This is because Sandakan falls under the local jurisdiction of the High Court of Sabah
& Sarawak.
Section 3 CJA meaning of local jurisdiction
In order to determine whether High Court of Sabah & Sarawak has jurisdiction,
reference must be made to S 23 (1) CJA.
S23(1) CJA provides for 4 para/circumstances which the said High Court has
jurisdiction:
(a) The CoA arose within the local jurisdiction of HC
(b) The Df or one of the Df resides or has his place of business within the local
jurisdiction of HC
(c) The fact exists or is alleged to have occurred within the local jurisdiction of
HC
(d) Any land where the ownership of which is disputed is situated within the local
jurisdiction of HC (*only applies to land matter - dispute of ownership of
land)
In order for High Court of Sabah & Sarawak to have jurisdiction, one of the 4
elements must be satisfied.
These 4 elements must be read disjunctively, not conjunctively (Mee Ing v Cik Jah)
Then apply to the fact.
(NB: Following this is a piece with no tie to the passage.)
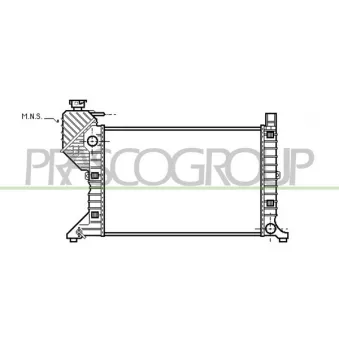 Radiateur, refroidissement du moteur PRASCO OEM A9015001800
Here, it is P who resides in Sandakan.
Para (a) cause of action accrues here, it is not clear. But since it is about sending
materials, it is probably in somewhere around Penang.
Para (b) looks into the residence of defendant (D here is a Taiwanese) not fulfilled.
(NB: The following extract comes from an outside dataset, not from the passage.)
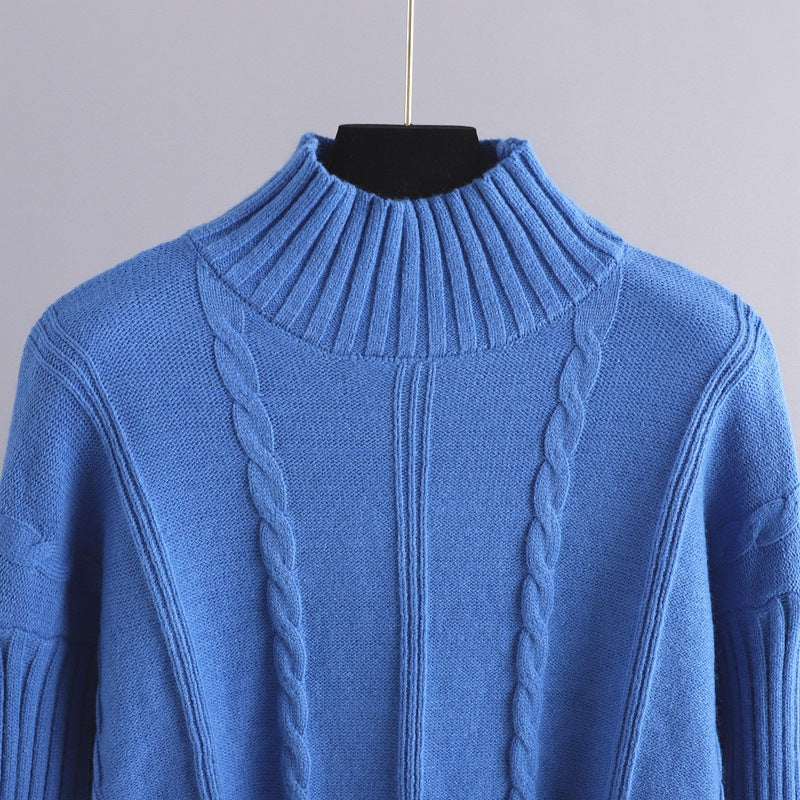 HS0474 autumn and wither knitted 2 PCS SET Mid neck sweater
D owns a factory in Penang not fulfilled.
Para (c) it is unlikely since the facts of case did not show so.

Para (d) here, it is not land matter not relevant


None of the 4 elements has been satisfied, thus the High Court of Sabah & Sarawak
has no jurisdiction at this stage.
P cannot commence action in High Court of Sabah & Sarawak at Sandakan.
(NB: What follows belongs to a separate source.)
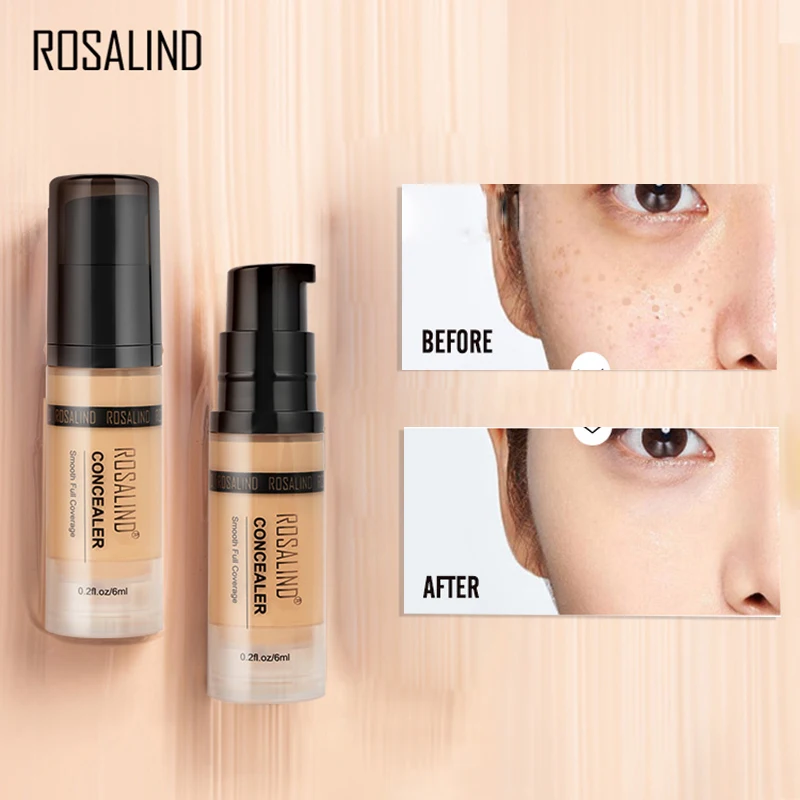 Корректор для консилера ROSALIND 6 мл видов цветов полное покрытие длительное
HOWEVER, proviso to S 23 (1).
S.23 (1) proviso provides: Where all parties consent in writing within the local
jurisdiction of the other HC.
Requirements:
(1) all parties must consent
(2) consent must be in writing
(3) consent must be signed
(4) of the other High Court2
The High Court of Sabah & Sarawak shall have jurisdiction to try all civil
proceedings where all parties consent in writing within the local jurisdiction of
the High Court of Malaya.
Based on proviso to S 23 (1), which states that the High Court of Sabah & Sarawak
shall have jurisdiction to try this civil proceeding where parties consent in writing
within the local jurisdiction of the High Court of Malaya, it is argued that the High
Court that does not have jurisdiction to hear the case may hear the case if parties to
the suit all consent in writing, sign the consent and the consent is obtained in the local
jurisdiction of the other High Court.
One issue arise here is what is meant by other High Court?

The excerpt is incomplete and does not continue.